─── SUPPLIED MATERIAL ───

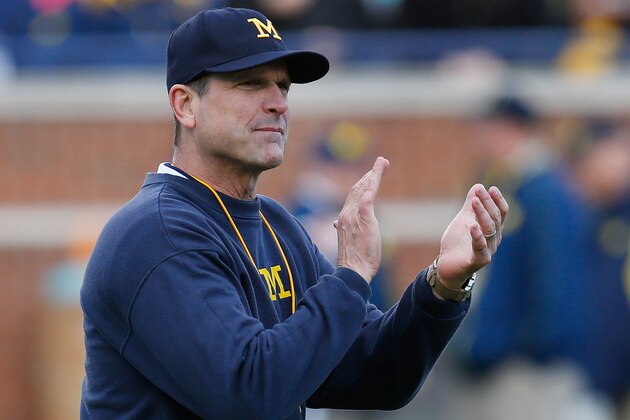 ANN ARBOR, MI - APRIL 01: Head coach Jim Harbaugh of the Michigan Wolverines looks on prior to the Michigan Football Spring Game on April 1, 2016 at Michigan Stadium in Ann Arbor, Michigan.  (Photo by Gregory Shamus/Getty Images)
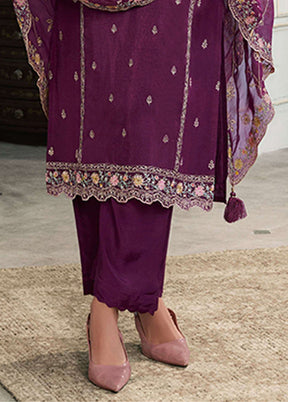 3 Pc Purple Silk Suit Set
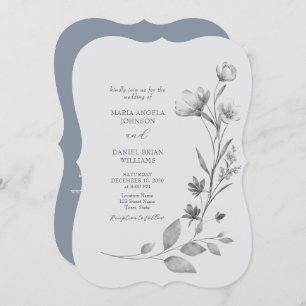 Rustic Silver Floral Wedding Invite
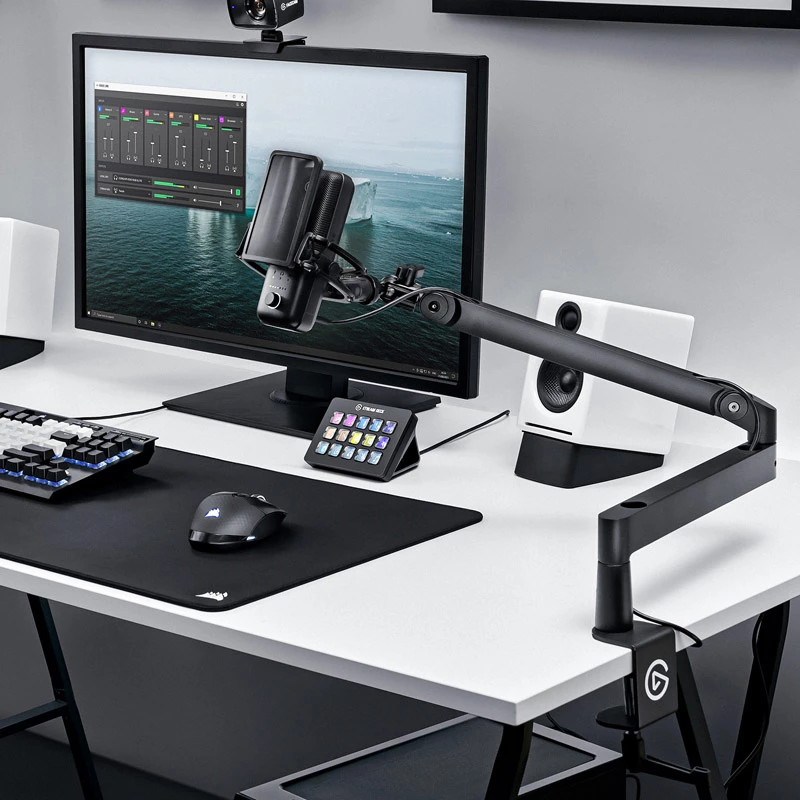 Suporte de microfone para transmissão Elgato Wave Mic Arm LP, montagem em mesa, preto, 1,69 kg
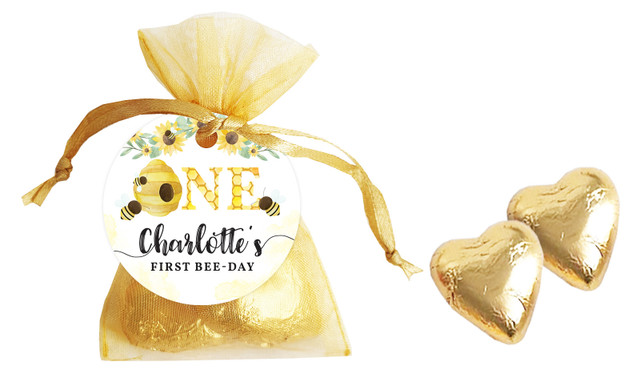 Bee 1st Birthday Birthday Personalised Organza Bag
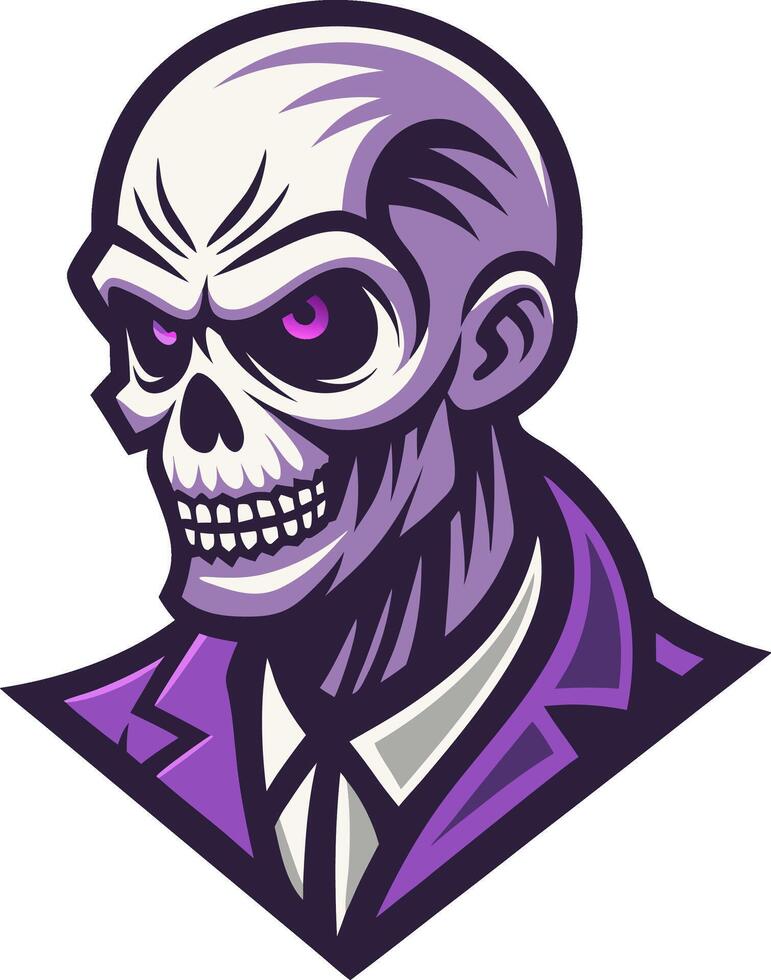 Stylized Skull Character in Purple Suit for Tattoo Design and Graphic Art vector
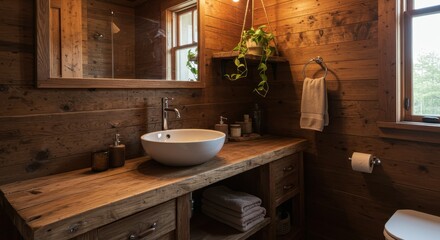 Cozy Rustic Bathroom with Wooden Walls, Modern Sink and Natural Light in a Serene Setting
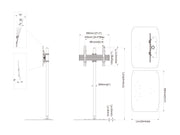 Multibrackets M Single Pole 1.5m Floor Stand For 32"-65" Screens | 7340234811526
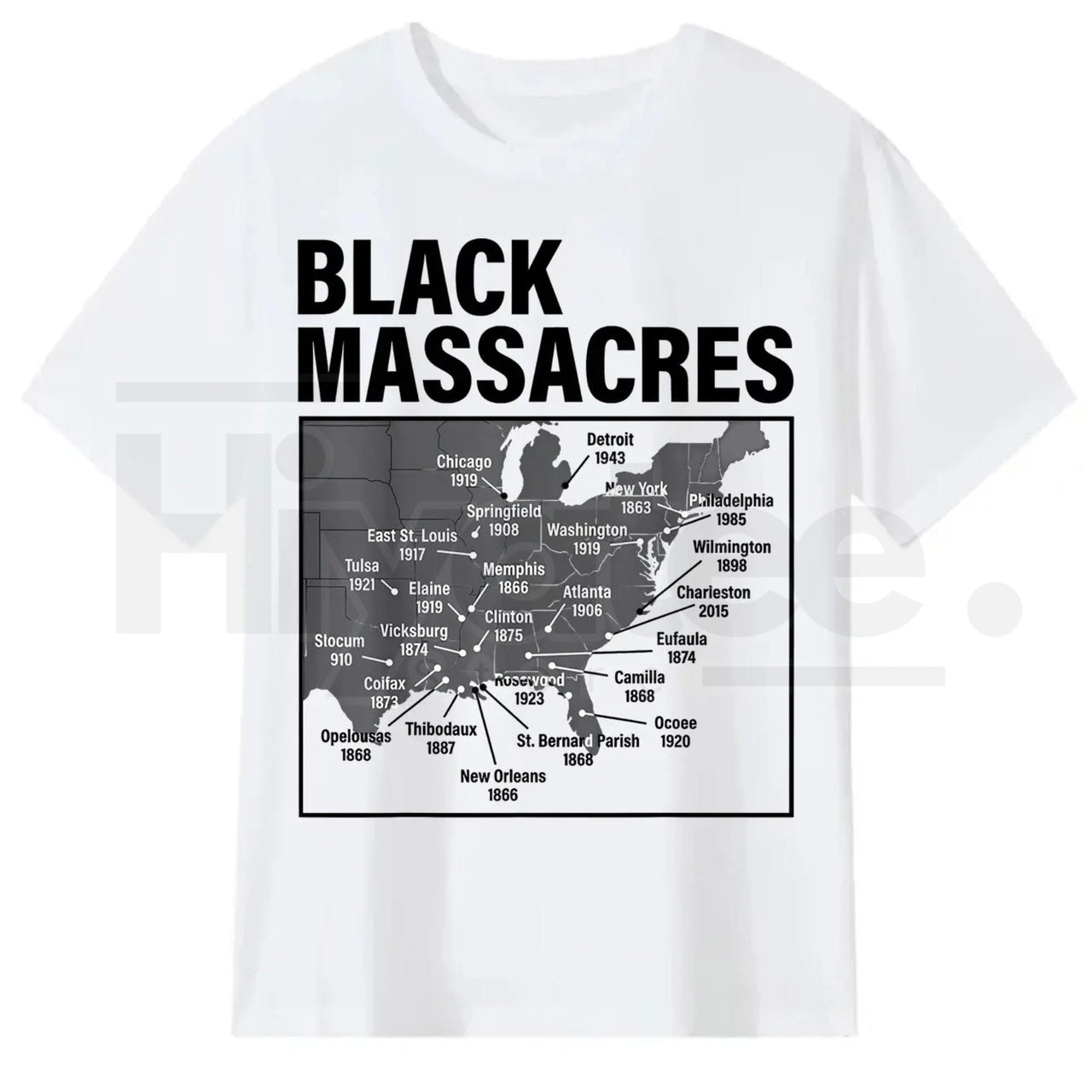 Black Massacres History Map T-Shirt – Afro-American Struggle Awareness Tee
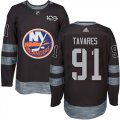 Wholesale Cheap Adidas Islanders #91 John Tavares Black 1917-2017 100th Anniversary Stitched NHL Jersey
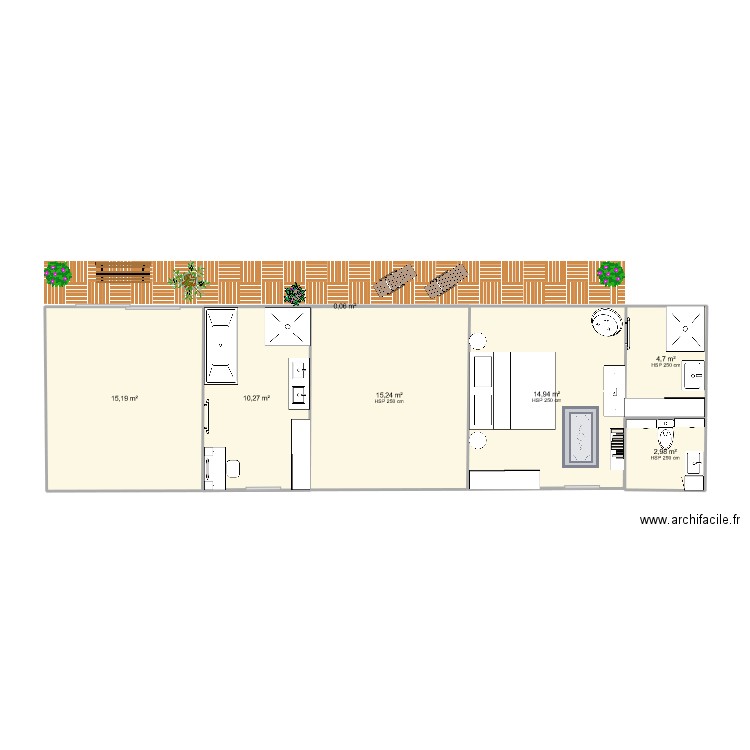 Chambre et slle de bain. Plan de 7 pièces et 63 m2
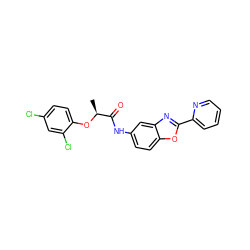 C[C@H](Oc1ccc(Cl)cc1Cl)C(=O)Nc1ccc2oc(-c3ccccn3)nc2c1 ZINC000095601028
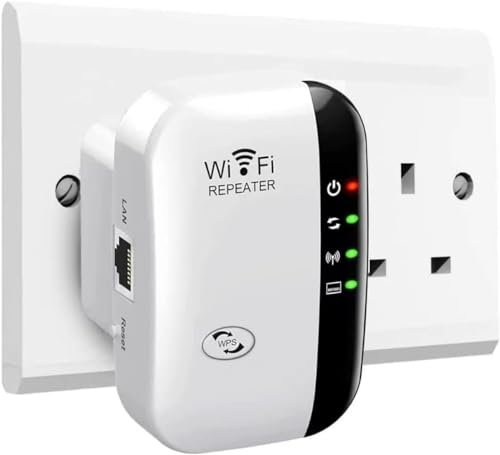 Ubcwin 2025 Newest WiFi Extender, WiFi Booster, WiFi Repeater, Covers Up to 3000 Sq.ft and 45 Devices, Internet Booster - with Ethernet Port, Quick Setup, Home Wireless Signal Booster, UK plug- White
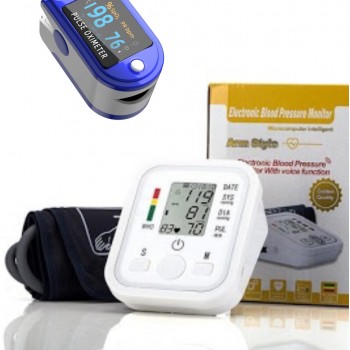 SUPER  PACHETUL Tensiometru Electronic Pentru Brat, Display LCD, PLUS Aparat de masurare puls, Oximetru pentru deget cu display, Masurare Saturatie Oxigen, 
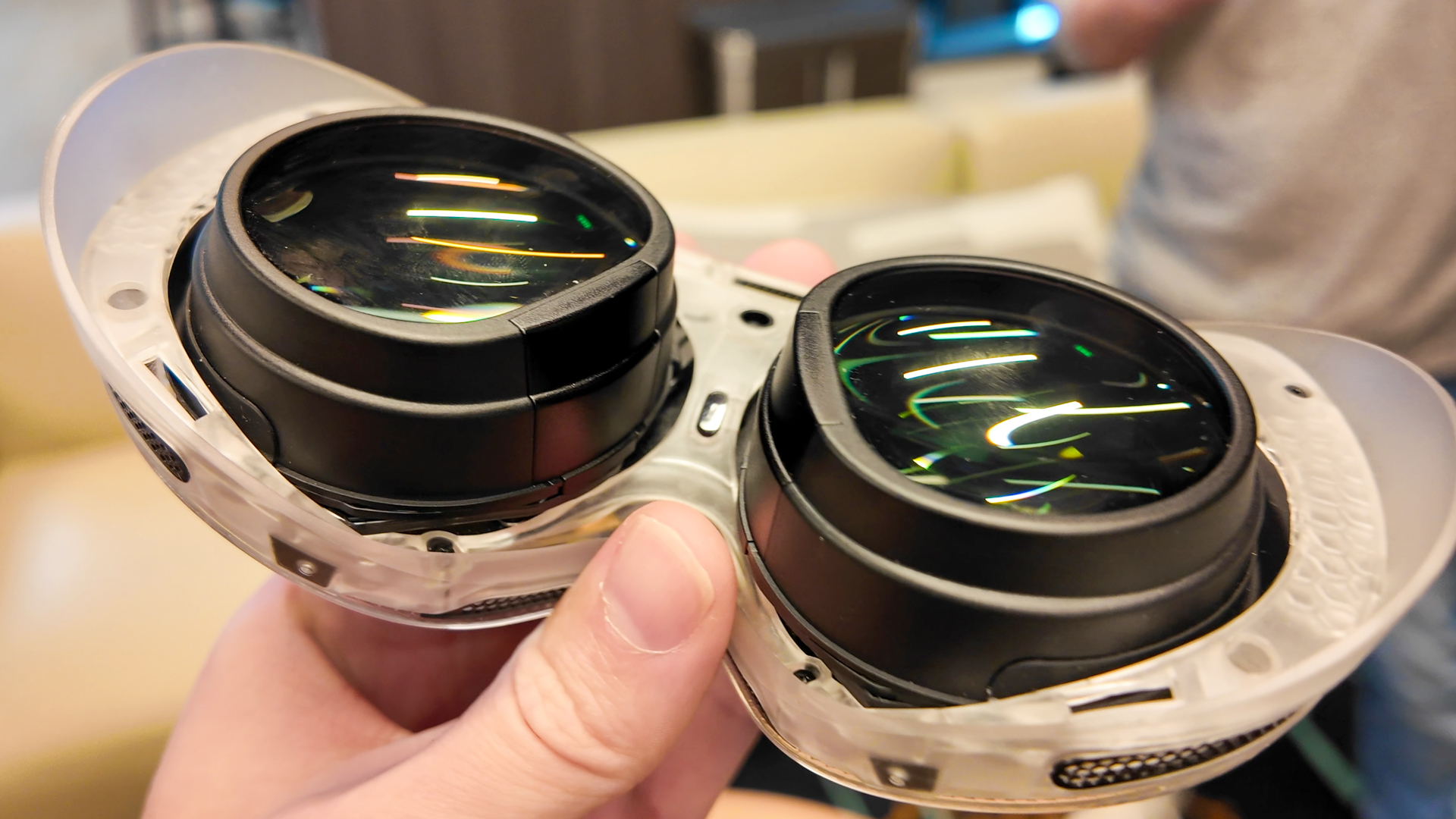 Hands-on with Valve's new VR headset, the Steam Frame, during an interview at Valve HQ in Bellevue, Washington.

───

## [THE PROBLEM]
Drop the images and repeat the data exactly.

## [TASK RESULT]
 ANN ARBOR, MI - APRIL 01: Head coach Jim Harbaugh of the Michigan Wolverines looks on prior to the Michigan Football Spring Game on April 1, 2016 at Michigan Stadium in Ann Arbor, Michigan.  (Photo by Gregory Shamus/Getty Images)
 3 Pc Purple Silk Suit Set
 Rustic Silver Floral Wedding Invite
 Suporte de microfone para transmissão Elgato Wave Mic Arm LP, montagem em mesa, preto, 1,69 kg
 Bee 1st Birthday Birthday Personalised Organza Bag
 Stylized Skull Character in Purple Suit for Tattoo Design and Graphic Art vector
 Cozy Rustic Bathroom with Wooden Walls, Modern Sink and Natural Light in a Serene Setting
 Multibrackets M Single Pole 1.5m Floor Stand For 32"-65" Screens | 7340234811526
 Black Massacres History Map T-Shirt – Afro-American Struggle Awareness Tee
 Wholesale Cheap Adidas Islanders #91 John Tavares Black 1917-2017 100th Anniversary Stitched NHL Jersey
 Chambre et slle de bain. Plan de 7 pièces et 63 m2
 C[C@H](Oc1ccc(Cl)cc1Cl)C(=O)Nc1ccc2oc(-c3ccccn3)nc2c1 ZINC000095601028
 Ubcwin 2025 Newest WiFi Extender, WiFi Booster, WiFi Repeater, Covers Up to 3000 Sq.ft and 45 Devices, Internet Booster - with Ethernet Port, Quick Setup, Home Wireless Signal Booster, UK plug- White
 SUPER  PACHETUL Tensiometru Electronic Pentru Brat, Display LCD, PLUS Aparat de masurare puls, Oximetru pentru deget cu display, Masurare Saturatie Oxigen, 
 Hands-on with Valve's new VR headset, the Steam Frame, during an interview at Valve HQ in Bellevue, Washington.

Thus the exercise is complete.